Avantages du commerce d’Inde en Inde. La Compagnie s’en désintéresse.
Achem. — Bassora et Bender Abbas. — La Chine. — Manille. — Moka. — Le Pégou. — Les Îles.


Le commerce d’Inde en Inde était, comme on le sait, celui qui se faisait au delà du Cap de Bonne-Espérance jusque dans les mers de Chine. La Compagnie s’y intéressait quelquefois, mais en principe il était pratiqué par les particuliers et par les employés de la Compagnie qui avaient des fonds nécessaires pour y participer. Dumas en appréciait ainsi les avantages, dans une lettre à la Compagnie du 1er octobre 1737 :

« La nation anglaise retire deux avantages de ses établissements aux Indes : le premier est le bénéfice que les négociants de la nation ramassent pour leur commerce particulier et qu’ils rapportent ensuite dans leur patrie. Le commerce particulier rend les colonies vivantes et florissantes ; il augmente les droits et les revenus des établissements et enfin il sert de débouché aux marchandises qui, s’étant trouvées de qualité inférieure, n’ont pu entrer dans les cargaisons d’Europe, sans quoi elles demeureront à la charge des marchands malabars de Pondichéry qui ne sont point en état d’être surchargés d’une quantité considérable de marchandises de rebut. »

Ce commerce, d’après lui, ne pouvait nuire à celui de la Compagnie :

« Les 15/16 des marchandises qui composent les cargaisons d’Europe ne peuvent servir à aucun des commerces particuliers de l’Inde comme Perse, Moka, Chine ou Manille et s’ils servent de débouché aux marchandises de rebut, ce n’est qu’au moyen de bas prix auxquels les marchands les donnent ou bien ces marchands les envoient à fret pour leur compte, aimant mieux tenir une valeur, quelle qu’elle puisse être, que de les laisser pourrir dans leurs magasins. »

La Compagnie, avons-nous dit, s’y intéressait quelquefois, dans le légitime espoir de faire fructifier ses capitaux et ses espérances étaient rarement déçues ; mais comme les conditions du marché pouvaient changer d’une année à l’autre sans qu’elle put prévoir si ce serait à son profit ou à son désavantage, elle s’engageait toujours un peu à l’aventure. Aussi n’est-il point étonnant que sous des impressions successives et souvent contradictoires, tantôt elle ait voulu s’intéresser aux armements dans des proportions parfois très appréciables et tantôt n’y avoir aucune participation, même légère. En 1741, la note était pessimiste.
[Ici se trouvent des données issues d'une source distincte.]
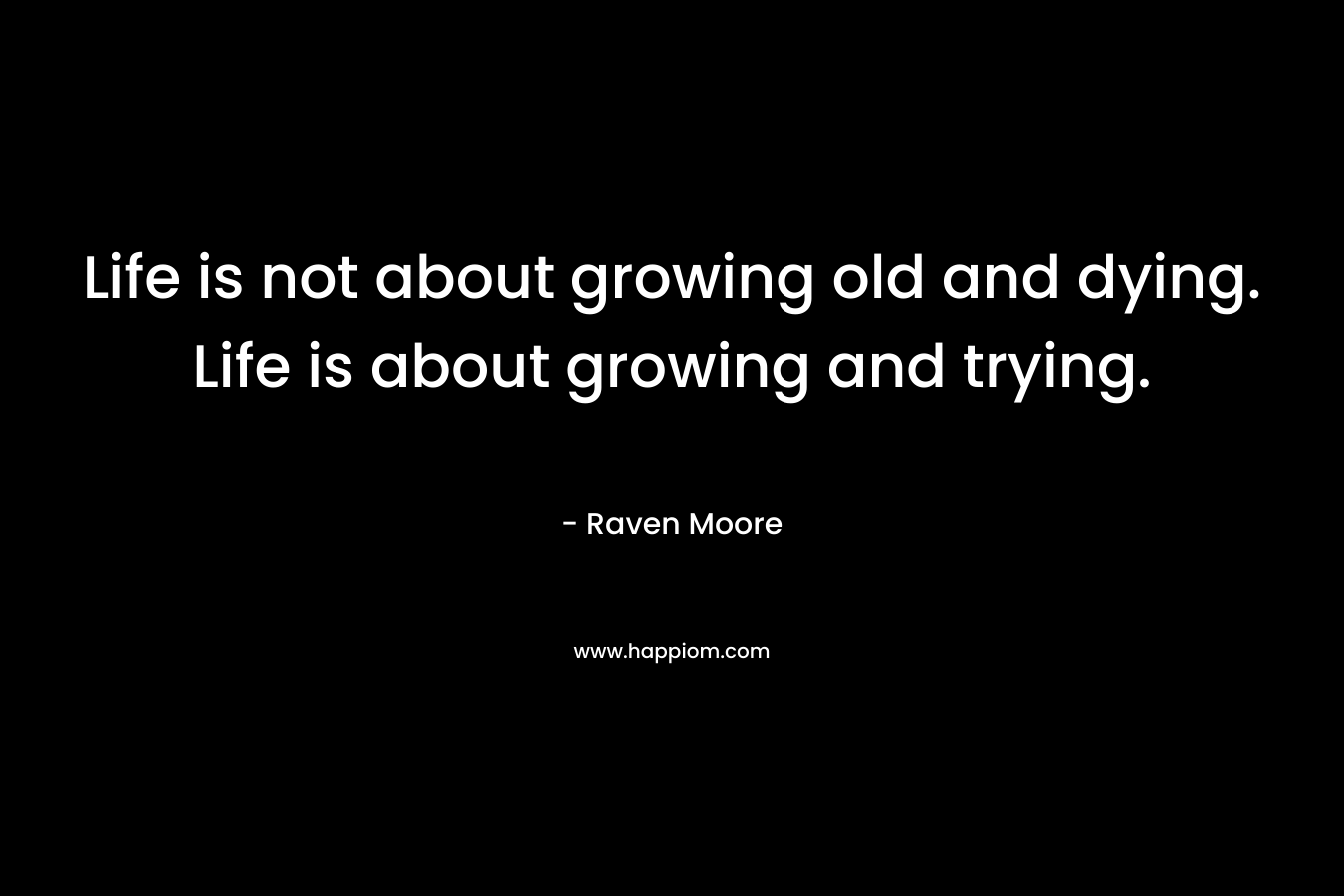 Life is not about growing old and dying. Life is about growing and trying.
La Compagnie signifia au Conseil supérieur qu’elle ne voulait plus prendre part au commerce particulier et qu’elle retirait tous les fonds qui pouvaient s’y trouver engagés[1]. Ce retrait fut difficile et n’était pas encore achevé en 1747 ; à ce moment, la Compagnie avait encore à retirer 5.150 pagodes d’armements effectués depuis 1788 et Dupleix lui faisait savoir à la date du 31 janvier 1747 qu’elle ne devait pas compter retirer grand’chose de cette somme ; les armateurs des navires étaient morts ou insolvables.

Mais telle était la mobilité de ses principes que nous la voyons en 1744 s’intéresser pour 3.456 pagodes dans l’armement-d’un navire indien pour Manille, le Maure ou Mamet-Cha, qui fut d’ailleurs pris l’année suivante par les Anglais.

La déclaration de guerre suspendit naturellement tous les concours même éventuels de la Compagnie, comme elle porta aussi un coup sensible au commerce des particuliers dans l’Inde. Les négociants disposés jusque-là à former des sociétés pour les divers comptoirs prièrent le Conseil supérieur de prendre leurs fonds pour le compte de la Compagnie, moyennant un intérêt à leur servir. Pour engager leur avoir sur mer, ils n’avaient plus en effet d’autres moyens que les convois que la Compagnie pourrait former : car ils n’avaient pas d’équipages et ils ne pouvaient par conséquent armer en course et participer aux prises que les autres navires pouvaient faire et récupérer par là les pertes dont ils pourraient être eux-mêmes les victimes. Et comme le commerce extérieur était celui qui les enrichissait le plus, ils se voyaient à la veille d’être sinon ruinés, du moins fort appauvris, si la guerre se prolongeait.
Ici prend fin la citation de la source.